Afrin: Possible Outcomes

Header image of Kurdish YPG overlooking a post in Afrin Canton.

Turkey launched a full-scale invasion into Afrin Canton - a Kurdish enclave in northwestern Syria - a few days ago. This could play out in any number of ways, but it might not be nearly as smart a move as Turkey seems to believe.

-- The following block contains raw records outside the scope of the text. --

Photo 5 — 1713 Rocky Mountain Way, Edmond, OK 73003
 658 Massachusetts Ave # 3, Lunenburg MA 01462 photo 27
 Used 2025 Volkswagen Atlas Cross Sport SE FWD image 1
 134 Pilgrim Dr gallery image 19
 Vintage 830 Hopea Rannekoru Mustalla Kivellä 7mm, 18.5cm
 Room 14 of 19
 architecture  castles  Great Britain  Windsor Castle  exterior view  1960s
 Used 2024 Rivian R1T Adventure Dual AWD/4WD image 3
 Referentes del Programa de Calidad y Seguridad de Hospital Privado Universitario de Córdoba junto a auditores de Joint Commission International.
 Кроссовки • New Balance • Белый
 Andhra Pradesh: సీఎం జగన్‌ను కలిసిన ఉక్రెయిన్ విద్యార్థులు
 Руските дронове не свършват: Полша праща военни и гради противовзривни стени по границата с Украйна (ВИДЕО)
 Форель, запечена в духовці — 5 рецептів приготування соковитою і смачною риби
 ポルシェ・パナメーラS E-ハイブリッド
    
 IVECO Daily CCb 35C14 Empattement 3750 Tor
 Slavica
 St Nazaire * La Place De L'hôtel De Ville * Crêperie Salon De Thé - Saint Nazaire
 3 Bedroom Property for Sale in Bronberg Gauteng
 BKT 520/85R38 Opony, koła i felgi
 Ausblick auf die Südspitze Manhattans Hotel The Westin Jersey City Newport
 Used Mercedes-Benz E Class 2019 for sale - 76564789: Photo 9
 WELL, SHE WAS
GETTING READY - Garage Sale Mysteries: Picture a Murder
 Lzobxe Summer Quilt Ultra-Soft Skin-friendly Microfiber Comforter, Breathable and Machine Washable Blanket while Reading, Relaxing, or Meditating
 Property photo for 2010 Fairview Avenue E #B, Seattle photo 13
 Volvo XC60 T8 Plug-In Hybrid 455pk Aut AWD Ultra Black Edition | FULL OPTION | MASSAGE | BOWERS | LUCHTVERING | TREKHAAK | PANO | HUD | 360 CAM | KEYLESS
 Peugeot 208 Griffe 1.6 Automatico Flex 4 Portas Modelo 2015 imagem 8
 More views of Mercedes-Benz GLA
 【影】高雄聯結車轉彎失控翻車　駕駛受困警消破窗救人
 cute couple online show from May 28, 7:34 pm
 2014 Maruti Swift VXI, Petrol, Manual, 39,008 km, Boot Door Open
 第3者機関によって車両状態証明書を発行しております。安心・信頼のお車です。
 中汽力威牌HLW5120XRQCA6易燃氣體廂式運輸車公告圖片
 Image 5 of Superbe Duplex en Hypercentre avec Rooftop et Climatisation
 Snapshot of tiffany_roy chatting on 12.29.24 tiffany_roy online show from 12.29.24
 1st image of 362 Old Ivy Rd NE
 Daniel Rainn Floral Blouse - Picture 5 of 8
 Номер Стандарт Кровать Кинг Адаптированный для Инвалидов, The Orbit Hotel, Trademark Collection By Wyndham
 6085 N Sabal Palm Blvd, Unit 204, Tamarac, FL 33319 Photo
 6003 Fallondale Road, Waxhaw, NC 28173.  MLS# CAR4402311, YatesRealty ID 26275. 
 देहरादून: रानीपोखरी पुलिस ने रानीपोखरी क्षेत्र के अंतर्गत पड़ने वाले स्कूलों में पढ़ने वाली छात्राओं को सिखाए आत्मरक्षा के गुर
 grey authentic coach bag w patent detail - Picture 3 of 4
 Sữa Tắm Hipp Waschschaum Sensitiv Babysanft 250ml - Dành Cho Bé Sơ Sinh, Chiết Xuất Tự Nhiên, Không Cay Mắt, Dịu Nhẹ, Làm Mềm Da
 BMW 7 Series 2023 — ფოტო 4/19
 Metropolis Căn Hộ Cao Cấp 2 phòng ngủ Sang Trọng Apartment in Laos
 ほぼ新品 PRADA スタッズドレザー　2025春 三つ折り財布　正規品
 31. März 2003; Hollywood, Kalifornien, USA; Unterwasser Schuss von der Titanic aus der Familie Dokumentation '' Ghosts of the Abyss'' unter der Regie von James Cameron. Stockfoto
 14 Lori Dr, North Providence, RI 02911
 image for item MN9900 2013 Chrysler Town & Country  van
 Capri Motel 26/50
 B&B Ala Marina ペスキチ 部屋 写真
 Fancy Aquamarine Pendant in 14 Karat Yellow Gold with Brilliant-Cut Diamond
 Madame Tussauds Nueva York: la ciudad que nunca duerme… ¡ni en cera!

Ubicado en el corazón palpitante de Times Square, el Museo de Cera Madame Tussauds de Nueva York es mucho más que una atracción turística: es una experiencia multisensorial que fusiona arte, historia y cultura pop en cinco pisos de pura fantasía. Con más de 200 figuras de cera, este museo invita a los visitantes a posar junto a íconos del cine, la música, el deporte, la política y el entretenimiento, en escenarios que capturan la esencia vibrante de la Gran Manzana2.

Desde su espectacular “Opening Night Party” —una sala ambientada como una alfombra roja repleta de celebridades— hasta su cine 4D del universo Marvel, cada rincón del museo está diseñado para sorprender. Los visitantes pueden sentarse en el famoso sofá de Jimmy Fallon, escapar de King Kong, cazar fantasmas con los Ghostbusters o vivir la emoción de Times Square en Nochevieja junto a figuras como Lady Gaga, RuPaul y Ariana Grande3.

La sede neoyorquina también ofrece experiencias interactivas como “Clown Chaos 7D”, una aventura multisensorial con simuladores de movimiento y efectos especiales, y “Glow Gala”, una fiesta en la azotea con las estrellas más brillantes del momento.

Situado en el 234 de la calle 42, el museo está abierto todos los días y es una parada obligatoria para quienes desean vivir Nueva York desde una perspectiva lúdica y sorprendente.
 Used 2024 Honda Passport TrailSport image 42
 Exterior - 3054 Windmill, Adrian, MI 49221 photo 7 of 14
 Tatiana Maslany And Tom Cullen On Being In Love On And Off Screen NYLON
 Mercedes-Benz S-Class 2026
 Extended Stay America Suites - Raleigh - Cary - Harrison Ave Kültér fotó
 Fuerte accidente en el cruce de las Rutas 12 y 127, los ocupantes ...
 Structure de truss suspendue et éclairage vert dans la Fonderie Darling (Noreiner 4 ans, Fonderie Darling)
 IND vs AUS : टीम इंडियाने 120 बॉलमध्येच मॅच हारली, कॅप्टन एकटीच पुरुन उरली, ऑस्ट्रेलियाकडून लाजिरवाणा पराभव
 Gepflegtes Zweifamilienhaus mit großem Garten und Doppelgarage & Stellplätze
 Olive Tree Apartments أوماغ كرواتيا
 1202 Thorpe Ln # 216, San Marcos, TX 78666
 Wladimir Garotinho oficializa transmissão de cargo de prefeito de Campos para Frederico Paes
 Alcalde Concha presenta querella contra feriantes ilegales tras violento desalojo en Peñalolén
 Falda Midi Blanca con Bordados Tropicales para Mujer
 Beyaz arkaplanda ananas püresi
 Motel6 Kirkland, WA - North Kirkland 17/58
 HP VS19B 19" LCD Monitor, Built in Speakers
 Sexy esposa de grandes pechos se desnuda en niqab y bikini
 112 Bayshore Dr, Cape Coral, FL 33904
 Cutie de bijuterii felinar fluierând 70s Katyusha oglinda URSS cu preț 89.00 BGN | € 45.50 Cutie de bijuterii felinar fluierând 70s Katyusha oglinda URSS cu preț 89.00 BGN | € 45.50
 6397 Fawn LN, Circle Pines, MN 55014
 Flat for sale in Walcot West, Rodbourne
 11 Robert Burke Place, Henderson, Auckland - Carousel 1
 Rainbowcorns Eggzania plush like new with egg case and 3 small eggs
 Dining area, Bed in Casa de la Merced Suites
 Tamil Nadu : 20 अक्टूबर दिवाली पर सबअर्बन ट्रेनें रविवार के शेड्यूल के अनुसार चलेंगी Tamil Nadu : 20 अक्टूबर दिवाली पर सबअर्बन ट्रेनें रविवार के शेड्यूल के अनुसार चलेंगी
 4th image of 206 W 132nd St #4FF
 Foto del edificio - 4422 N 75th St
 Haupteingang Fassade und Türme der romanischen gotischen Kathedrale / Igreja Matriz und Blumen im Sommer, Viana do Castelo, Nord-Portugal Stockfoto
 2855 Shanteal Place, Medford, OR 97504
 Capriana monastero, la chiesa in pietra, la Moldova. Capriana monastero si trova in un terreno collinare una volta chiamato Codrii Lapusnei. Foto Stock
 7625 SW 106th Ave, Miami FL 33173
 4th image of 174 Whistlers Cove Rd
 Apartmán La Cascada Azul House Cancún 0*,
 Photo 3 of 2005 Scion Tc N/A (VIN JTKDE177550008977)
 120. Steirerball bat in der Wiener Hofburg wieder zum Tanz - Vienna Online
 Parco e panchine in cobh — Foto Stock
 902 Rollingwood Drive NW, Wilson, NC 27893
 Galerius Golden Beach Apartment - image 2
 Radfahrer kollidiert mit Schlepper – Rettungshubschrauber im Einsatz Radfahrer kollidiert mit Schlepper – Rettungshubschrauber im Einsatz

There are few players in the Syrian Civil War who have suffered as comprehensive a strategic failure as Turkey. The Turkish government had two priorities when the war broke out - minimizing spillover onto Turkish soil and preventing the rise of a Kurdish autonomous movement next door. The second of these was arguably their biggest concern, and when the Kurds started facing off against ISIS in 2013, the Turkish ruling party (AKP) began providing covert support to the jihadis. Given a choice between a successful Kurdish autonomous movement or ISIS overrunning all of Syrian Kurdistan, the Turkish state saw the second option as far less harmful to their interests - especially since it would have prevented the former. To the obvious disbelief and rage of Turkish president Recep Erdogan, the Kurds fought back with remarkable determination while garnering U.S. air cover in the process. As a result, ISIS has effectively collapsed. The Syrian Kurdish Democratic Union Party (PYD) now oversees almost the entirety of Syria east of the Euphrates.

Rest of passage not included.